C'est extrêmement rare que je lise des essais d'économie. Au lycée puis à Sciences Po Lille, j'ai pourtant eu plusieurs cours dans cette discipline, qui, très souvent (mais pas toujours) me déconcertait par sa volonté d'influencer le monde réel tout en partant de postulats utopiques (la fameuse concurrence libre et parfaite, par exemple). Partir de théories déconnectées de la réalité pour corriger les défauts de nos systèmes économiques et sociaux, remplacer l'humain par des calculs mathématiques, c'est, étonnamment, assez peu convaincant quand on s'intéresse un tant soit peu à la chose publique.

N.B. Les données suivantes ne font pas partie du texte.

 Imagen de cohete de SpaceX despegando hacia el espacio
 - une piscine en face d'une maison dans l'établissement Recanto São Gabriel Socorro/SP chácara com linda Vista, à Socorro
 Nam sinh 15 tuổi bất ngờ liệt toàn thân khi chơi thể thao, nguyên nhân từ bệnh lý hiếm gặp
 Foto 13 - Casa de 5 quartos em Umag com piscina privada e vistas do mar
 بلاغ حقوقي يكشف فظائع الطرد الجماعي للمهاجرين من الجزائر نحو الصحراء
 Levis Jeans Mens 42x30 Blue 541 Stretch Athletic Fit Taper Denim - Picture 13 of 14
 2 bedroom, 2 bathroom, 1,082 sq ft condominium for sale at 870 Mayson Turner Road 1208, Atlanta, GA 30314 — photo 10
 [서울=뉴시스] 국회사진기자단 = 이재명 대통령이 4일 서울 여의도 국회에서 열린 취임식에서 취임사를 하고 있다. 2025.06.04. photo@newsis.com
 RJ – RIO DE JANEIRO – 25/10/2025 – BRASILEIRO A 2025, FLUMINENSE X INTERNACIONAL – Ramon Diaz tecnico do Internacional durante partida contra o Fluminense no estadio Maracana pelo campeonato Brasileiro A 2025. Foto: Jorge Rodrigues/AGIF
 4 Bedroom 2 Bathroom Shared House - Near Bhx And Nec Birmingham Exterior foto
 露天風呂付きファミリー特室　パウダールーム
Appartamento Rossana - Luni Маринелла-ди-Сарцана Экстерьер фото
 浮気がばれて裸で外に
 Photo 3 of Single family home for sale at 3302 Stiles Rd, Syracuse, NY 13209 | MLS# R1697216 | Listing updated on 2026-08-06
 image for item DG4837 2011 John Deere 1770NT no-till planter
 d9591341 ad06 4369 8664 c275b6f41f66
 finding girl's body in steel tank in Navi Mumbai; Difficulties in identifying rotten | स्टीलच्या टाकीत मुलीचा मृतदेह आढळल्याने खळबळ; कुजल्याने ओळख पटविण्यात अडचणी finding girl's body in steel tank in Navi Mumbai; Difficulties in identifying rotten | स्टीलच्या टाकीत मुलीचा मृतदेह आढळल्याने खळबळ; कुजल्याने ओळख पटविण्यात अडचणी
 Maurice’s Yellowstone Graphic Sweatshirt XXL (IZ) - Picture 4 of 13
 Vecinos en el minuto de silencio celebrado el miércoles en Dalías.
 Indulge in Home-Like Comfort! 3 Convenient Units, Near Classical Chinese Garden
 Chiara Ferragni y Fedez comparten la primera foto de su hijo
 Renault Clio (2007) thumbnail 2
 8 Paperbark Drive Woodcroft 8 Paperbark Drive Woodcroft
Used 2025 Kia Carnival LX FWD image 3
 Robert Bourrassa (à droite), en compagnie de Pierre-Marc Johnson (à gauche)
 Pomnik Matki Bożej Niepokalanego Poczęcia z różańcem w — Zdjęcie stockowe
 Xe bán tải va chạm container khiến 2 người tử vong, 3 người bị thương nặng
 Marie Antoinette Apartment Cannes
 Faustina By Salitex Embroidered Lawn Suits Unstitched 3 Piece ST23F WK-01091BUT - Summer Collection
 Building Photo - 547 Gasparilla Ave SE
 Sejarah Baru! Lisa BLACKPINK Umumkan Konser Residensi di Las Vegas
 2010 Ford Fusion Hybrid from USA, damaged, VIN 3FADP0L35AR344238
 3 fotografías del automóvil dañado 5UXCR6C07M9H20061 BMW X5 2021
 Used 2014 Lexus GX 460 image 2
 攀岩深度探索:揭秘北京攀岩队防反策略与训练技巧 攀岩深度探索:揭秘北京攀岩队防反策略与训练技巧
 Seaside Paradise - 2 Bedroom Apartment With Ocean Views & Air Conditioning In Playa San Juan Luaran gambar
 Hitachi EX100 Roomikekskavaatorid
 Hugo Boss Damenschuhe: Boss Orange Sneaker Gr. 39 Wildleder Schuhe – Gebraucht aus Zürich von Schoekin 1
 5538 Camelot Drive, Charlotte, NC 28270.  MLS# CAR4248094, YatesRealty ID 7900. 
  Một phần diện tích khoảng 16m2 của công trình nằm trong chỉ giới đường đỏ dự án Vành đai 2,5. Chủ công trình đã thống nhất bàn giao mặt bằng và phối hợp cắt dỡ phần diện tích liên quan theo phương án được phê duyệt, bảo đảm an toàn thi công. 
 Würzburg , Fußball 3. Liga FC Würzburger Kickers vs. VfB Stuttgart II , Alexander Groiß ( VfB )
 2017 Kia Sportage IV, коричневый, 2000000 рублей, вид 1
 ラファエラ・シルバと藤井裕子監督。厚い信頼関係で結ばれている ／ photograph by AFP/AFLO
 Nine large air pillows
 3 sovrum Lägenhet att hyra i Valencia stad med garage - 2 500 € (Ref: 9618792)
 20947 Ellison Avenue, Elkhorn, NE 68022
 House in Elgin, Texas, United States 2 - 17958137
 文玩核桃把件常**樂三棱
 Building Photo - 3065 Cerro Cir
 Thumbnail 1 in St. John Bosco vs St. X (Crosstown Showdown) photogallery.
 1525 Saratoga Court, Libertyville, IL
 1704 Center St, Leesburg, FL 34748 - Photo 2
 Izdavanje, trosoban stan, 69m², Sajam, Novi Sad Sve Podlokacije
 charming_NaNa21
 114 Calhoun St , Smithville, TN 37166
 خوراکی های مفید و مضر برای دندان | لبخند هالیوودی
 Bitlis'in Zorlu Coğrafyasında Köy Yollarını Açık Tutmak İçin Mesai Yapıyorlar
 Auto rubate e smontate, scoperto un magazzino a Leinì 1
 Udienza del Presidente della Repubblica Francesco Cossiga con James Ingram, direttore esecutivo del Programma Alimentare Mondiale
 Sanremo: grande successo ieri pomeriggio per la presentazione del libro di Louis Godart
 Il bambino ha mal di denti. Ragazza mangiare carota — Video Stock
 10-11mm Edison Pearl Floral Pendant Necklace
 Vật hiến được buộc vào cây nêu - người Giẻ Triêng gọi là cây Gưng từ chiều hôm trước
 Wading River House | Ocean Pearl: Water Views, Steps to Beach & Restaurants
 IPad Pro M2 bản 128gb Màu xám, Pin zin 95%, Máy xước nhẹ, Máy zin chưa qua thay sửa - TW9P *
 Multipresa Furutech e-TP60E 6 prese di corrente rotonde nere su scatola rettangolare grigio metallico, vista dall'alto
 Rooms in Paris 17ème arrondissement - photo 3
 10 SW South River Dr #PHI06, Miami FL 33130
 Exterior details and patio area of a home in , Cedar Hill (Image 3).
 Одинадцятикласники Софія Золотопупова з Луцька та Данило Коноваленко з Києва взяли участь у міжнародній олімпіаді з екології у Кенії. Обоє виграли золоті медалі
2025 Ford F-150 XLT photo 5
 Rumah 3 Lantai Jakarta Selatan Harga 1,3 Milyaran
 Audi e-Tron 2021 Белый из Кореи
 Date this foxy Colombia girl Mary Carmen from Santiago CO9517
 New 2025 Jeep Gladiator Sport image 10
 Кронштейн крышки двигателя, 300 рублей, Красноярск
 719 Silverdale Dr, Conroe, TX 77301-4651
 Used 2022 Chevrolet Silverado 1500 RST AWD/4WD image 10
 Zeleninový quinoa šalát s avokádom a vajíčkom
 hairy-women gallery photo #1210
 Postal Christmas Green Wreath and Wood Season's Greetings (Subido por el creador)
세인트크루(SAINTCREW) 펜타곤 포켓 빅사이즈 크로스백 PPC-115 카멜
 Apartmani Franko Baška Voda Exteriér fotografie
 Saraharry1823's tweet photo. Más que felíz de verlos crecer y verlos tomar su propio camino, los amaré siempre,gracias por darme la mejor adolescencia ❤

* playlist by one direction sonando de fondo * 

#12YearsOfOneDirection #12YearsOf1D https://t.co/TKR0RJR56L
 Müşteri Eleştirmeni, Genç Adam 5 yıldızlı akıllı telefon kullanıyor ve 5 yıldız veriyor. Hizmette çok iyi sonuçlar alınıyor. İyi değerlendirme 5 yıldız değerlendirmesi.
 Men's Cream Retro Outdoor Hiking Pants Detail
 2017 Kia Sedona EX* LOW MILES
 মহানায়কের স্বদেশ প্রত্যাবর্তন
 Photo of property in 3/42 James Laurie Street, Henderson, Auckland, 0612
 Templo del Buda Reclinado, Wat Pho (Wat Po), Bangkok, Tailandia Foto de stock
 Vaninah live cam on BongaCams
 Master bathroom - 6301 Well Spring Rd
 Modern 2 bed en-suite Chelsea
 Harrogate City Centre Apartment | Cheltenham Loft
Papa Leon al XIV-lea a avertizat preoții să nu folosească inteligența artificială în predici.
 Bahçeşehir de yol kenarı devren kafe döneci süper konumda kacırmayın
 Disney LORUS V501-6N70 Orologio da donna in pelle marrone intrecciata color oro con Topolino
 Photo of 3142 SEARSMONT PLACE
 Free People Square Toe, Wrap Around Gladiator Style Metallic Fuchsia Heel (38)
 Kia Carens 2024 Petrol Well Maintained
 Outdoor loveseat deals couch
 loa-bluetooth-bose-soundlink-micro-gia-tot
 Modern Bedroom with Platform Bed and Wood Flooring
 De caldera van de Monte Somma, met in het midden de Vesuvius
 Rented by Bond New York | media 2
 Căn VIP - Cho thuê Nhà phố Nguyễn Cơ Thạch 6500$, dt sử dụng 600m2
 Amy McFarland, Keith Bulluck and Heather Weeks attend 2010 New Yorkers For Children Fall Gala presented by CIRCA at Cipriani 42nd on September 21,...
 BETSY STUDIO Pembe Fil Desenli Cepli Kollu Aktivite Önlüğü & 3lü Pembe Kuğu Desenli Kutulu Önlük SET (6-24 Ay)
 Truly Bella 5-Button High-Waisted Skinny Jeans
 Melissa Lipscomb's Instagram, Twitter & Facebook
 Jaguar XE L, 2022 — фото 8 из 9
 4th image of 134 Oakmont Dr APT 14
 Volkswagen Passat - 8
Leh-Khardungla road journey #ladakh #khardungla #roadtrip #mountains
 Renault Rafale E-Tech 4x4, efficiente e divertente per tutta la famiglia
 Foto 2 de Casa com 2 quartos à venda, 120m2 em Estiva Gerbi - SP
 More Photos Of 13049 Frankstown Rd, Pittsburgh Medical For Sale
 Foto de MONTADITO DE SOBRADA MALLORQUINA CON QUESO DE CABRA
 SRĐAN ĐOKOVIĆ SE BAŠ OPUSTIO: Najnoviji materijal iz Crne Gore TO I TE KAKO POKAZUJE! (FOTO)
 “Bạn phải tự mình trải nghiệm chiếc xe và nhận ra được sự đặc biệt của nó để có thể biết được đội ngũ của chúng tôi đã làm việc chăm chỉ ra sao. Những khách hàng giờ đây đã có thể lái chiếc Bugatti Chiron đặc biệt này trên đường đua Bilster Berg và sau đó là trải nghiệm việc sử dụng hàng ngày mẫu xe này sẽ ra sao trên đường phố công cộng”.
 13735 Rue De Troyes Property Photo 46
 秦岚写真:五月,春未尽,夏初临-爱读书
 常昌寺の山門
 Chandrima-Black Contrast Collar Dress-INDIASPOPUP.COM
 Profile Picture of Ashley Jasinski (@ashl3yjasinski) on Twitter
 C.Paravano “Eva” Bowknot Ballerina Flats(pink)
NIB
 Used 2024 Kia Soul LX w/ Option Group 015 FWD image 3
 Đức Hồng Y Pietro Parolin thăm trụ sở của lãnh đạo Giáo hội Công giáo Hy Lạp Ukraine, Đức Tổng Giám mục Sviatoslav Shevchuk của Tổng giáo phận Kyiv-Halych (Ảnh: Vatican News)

En 2008, une crise financière est partie des États-Unis. Nous en payons encore les conséquences, même si bien entendu de multiples autres causes sont en jeu pour nos économies française et européenne. En 2010, Joseph E. Stiglitz, qui a exercé de très hautes responsabilités, auprès du président Clinton, puis à la Banque mondiale, prend à nouveau la plume (il avait publié auparavant plusieurs titres, dont La grande désillusion en 2002) pour analyser la crise aux États-Unis, ses causes, les mesures prises, et les mesures qu'il aurait fallu prendre, selon lui, pour une réforme profonde du système qui corrigerait ses dérives majeures.

J'avais acheté le livre probablement peu après sa sortie, et je n'avais jamais eu le courage de m'y attaquer. C'est chose faite, et même si certains raisonnements me sont passés au-dessus, la lecture a finalement été intéressante. Un peu datée (puisque 5 années sont passées) et très orientée sur les États-Unis, son analyse démonte les mécanismes pervers qui ont conduit à la crise des subprimes. En néo-keynésien, il montre bien que la dérégulation à outrance, en particulier dans les secteurs bancaires et financiers, n'a pas de sens dans la mesure où le sens moral que les agents sont supposés avoir entre en tension vive avec l'appât du gain et la cupidité. L'économiste explique comment les banques ont entretenu le mythe d'une croissance continue des prix de l'immobilier, auprès d'un public peu informé (et tenu aussi volontairement dans l'ignorance), qui s'est endetté au-delà de sa solvabilité. La titrisation, au lieu d'atténuer le risque lié à l'insolvabilité, a aggravé le problème. Le livre illustre cette redistribution des économies et des impôts des moins privilégiés au profit des bonus mirobolants et immoraux des responsables de la crise. Les postulats trompeurs des néoclassiques, de Friedman et l'école de Chicago ont nié les inégalités d'accès à l'information, les possibilités d'intervention de l'État pour sécuriser le bien-être du plus grand nombre (et non des plus riches), etc.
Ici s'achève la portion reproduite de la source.